Wills, Trusts & Estates Prof Blog

Editor: Gerry W. Beyer
Texas Tech Univ. School of Law

Sunday, October 21, 2012

Article on Trustee's Power to Adjust in Indiana

Images-2Ted R. Batson, Jr. (J.D. Candidate, 2012, Indiana University Robert H. McKinney School of Law) recently published his article entitled Net Income with Make-up Charitable Remainder Unitrusts and The Trustee's Power to Adjust Under Indiana's Uniform Principal and Income Act, 45 Ind. L. Rev. 841 (2012).  The introduction to the article is available below: 

In 1997, the National Conference of Commissioners on Uniform State Laws (Commissioners) promulgated a new version of the Uniform Principal and Income Act (UPAIA 1997). Indiana adopted the UPAIA 1997 as the Indiana Uniform Principal and Income Act (the Indiana Act) in 2002. Both the Indiana Act and the UPAIA 1997 provide in part that “[a] trustee may adjust between principal and income to the extent the trustee considers necessary” if certain conditions are met. An adjustment under this provision is commonly referred to as the trustee's “power to adjust.” One of the necessary conditions to an exercise of the power to adjust is that the trust's governing instrument “describe the amount that may or must be distributed to a beneficiary by referring to the trust's income.”  A net income with make-up charitable remainder unitrust (NIMCRUT) is a type of split-interest trust defined in the Internal Revenue Code that, by definition, requires the distribution of the trust's income subject to a unitrust limitation.
The trustee's power to adjust is not a power of unfettered discretion.
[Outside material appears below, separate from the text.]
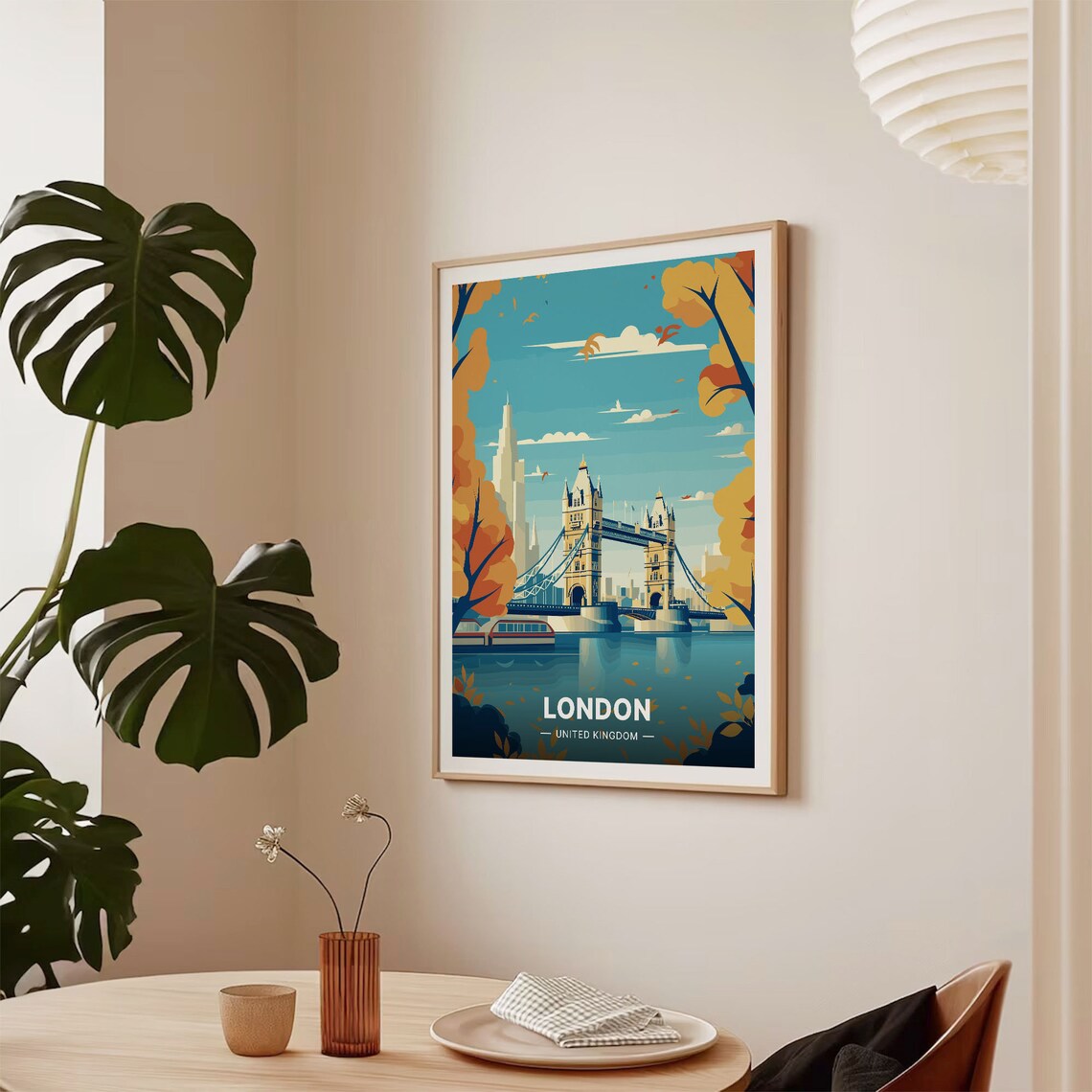London United Kingdom Tower Bridge Autumn River Travel Poster - Image 2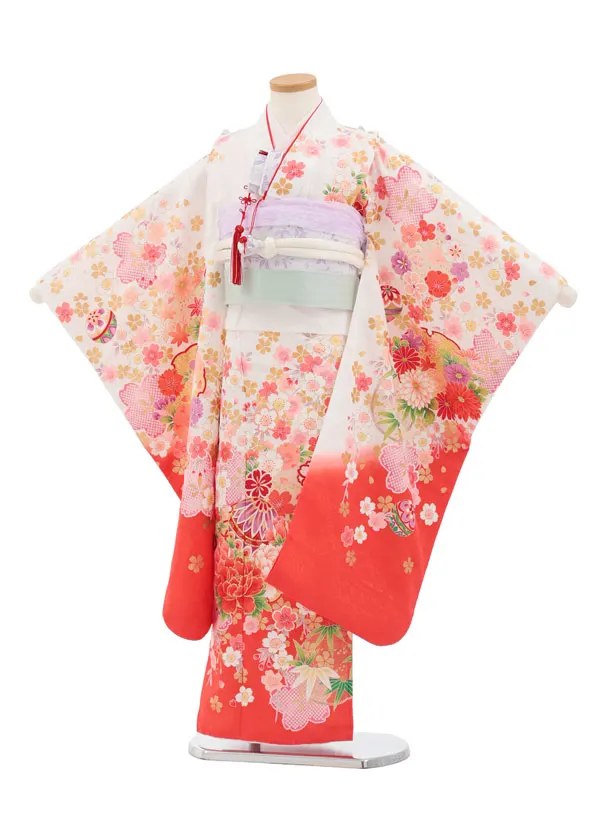 七五三(7歳結び帯)Y653 白地裾オレンジ鞠 桜牡丹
Both the Indiana Act and the UPAIA 1997 impose limitations on a trustee's ability to exercise the power to adjust. These limitations have special implications in the context of a NIMCRUT. In addition, the Internal Revenue Code grants certain federal tax benefits to the settlor of a NIMCRUT and exempts a NIMCRUT from income tax. Similar benefits are often conferred under state law. Therefore, an Indiana NIMCRUT trustee desiring to exercise the power to adjust must be aware of the limitations imposed by the Indiana Act, and federal and state tax authorities.
Part I of this Note provides contextual background describing the NIMCRUT and the policy rationale behind the power to adjust. Part II examines the power to adjust as found in the Indiana Act, focusing on the threshold conditions for exercising the power and the internal limitations the Indiana Act places on a trustee's exercise of the power. Part III advocates an amendment to the Indiana Act to clarify the availability of the power to adjust to Indiana NIMCRUT trustees.